Kampung Wisata yang "mungkin" Tergadai

Mancong dan Perigiq, dua desa yang baru saja aku kunjungi untuk assesment program PNPM Peduli. Empat hari disana seperti sedang berwisata. Maklum, aku baru tahu kalau desa itu salah satu tujuan wisata di Kaltim. Disana terdapat Danau Jempang dan rumah adat yang disebut  Lamin. Ketika aku diskusi dengan beberapa warga setempat kau baru teringat kalau lokasi ini beberapa kalai diliput tv nasional. Tapi yang ironis ketika hutan dan lahan masyarakat dayak disana semakin banyak yang dijadikan sawit dan tambang, apakah desa wisata akan tetap ada? Aku memang belum lihat datanya, tapi berdasarkan infromasi dari Petinggi Kampung, sebutan untuk kepala desa di sana bahwa semua wilayah desa mereka sudah masuk dalam wilayah HGU (hak guna usaha) perusahaan sawit. Ha..! Aku kaget seakan tak percaya. Terus mereka akan kemana? Ladang padi dan kebun karet bagamiana? "Ya, tidak kemana-mana." Terang petinggi desa itu.

Kemiskinan: Ditularkan atau Diwariskan?

"Orang sini sabarataan miskin sumua Pak! Kalau orangtuanya miskin, anaknya juga miskin." Itulah sepenggal kalimat yang cukup menarik bagi saya dalam diskusi dengan Kepala Desa Bakungin. tempat dan asalnya tidak penting bagiku, tapi pernyataan itu bisa jadi kondisi sebenarnya terjadi di banyak tempat. Desa Bakungin dihuni oleh suku Banjar. Sabarataan artinya seluruhnya atau semunya. Desa ini terletak di pinggir Sungai Kapuas, Kecamatan Kapuas Hilir Kabupaten Kapuas Kalimantan Tengah.

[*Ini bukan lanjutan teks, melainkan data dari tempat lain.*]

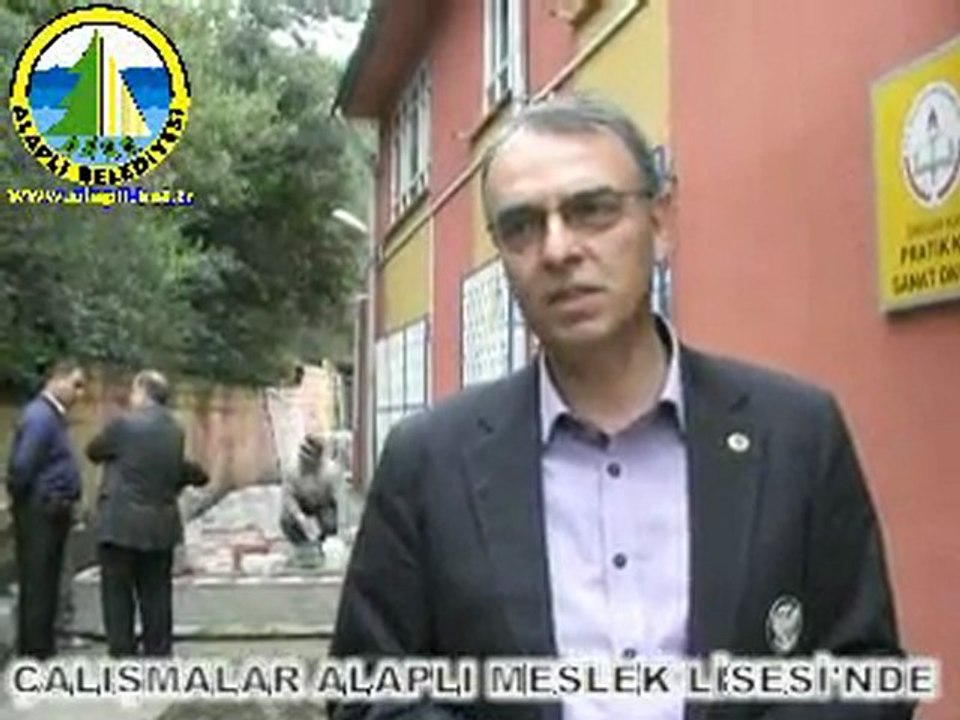 ALAPLI MESLEK LİSESİNDE ÇEVRE DÜZENLEME ÇALIŞMASI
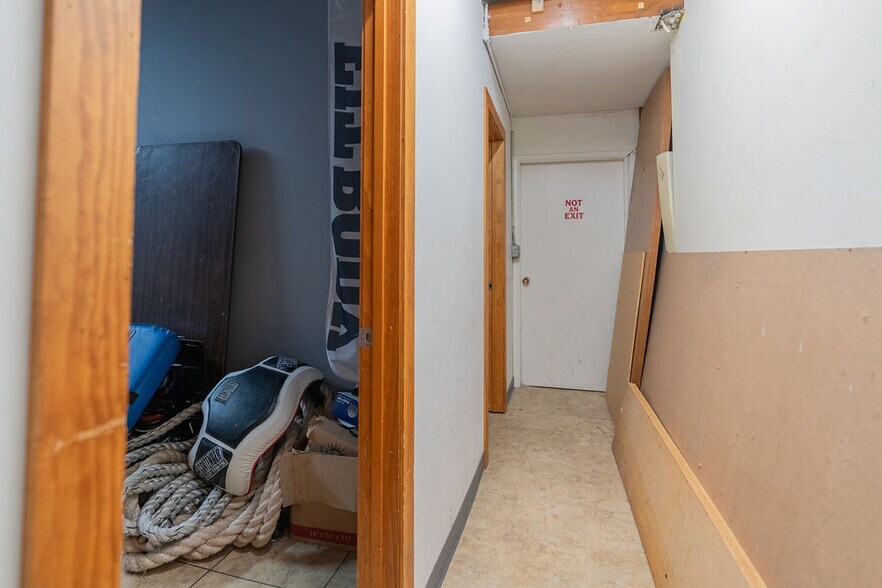 More Photos Of 535 3rd, Fairbanks Office Residential For Sale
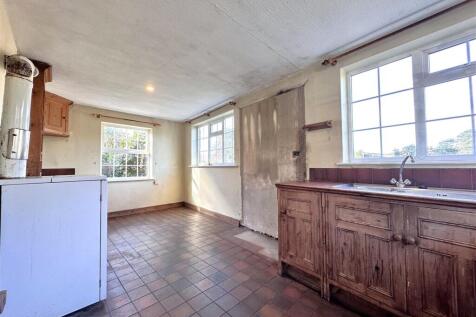 Triple-Aspect Dining Kitchen 759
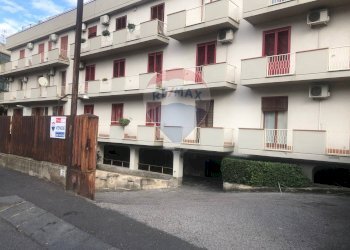 Edificio all\'aperto - Locale Commerciale Via Leucatia
72A, Catania - foto 1
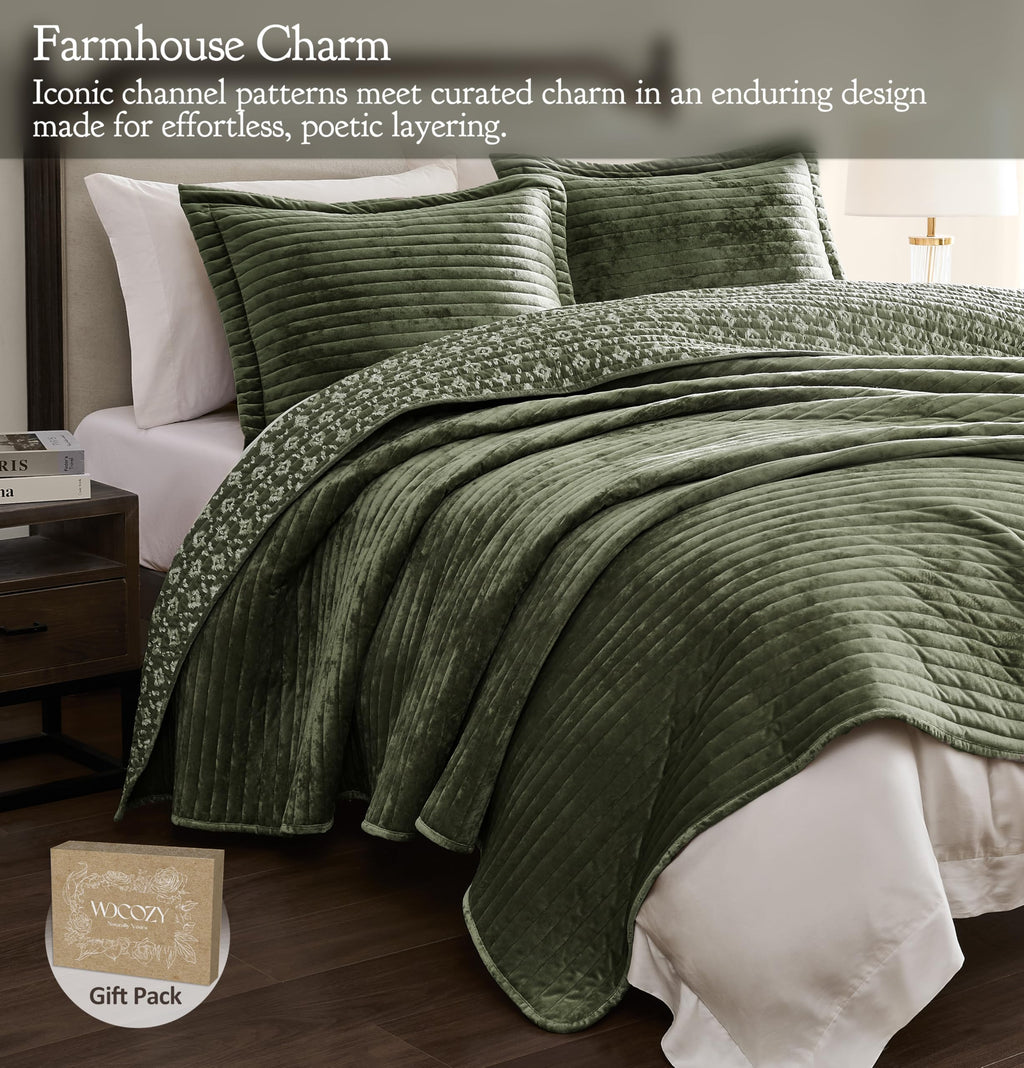 Green Velvet Quilt Set - Striped Soft Lightweight Bedspread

Mereka sudah pasrah dengan kondisi mereka. Yang penting ada yang bisa dimakan hari ini. Mungkin karena pasrah itu membentuk keyakinan mereka bahwa sampai kapanpun mereka, anak dan cucu mereka akan miskin. Benar saja, ketika aku cek kondisi rumah sudah ditempati puluhan tahun belum pernah ada perbaikan, atap bocor, lantai rapuh, kalau pasang, rumah mereka yang dipinggir sungai akan terendam. Banyak diantara mereka yang tidak melanjutkan sekolah, bahkan anak perempuan lebih aman dikawinkan segera setelah lulus SMP. Benarkah kemiskinan itu bisa menular? Atau diwariskan?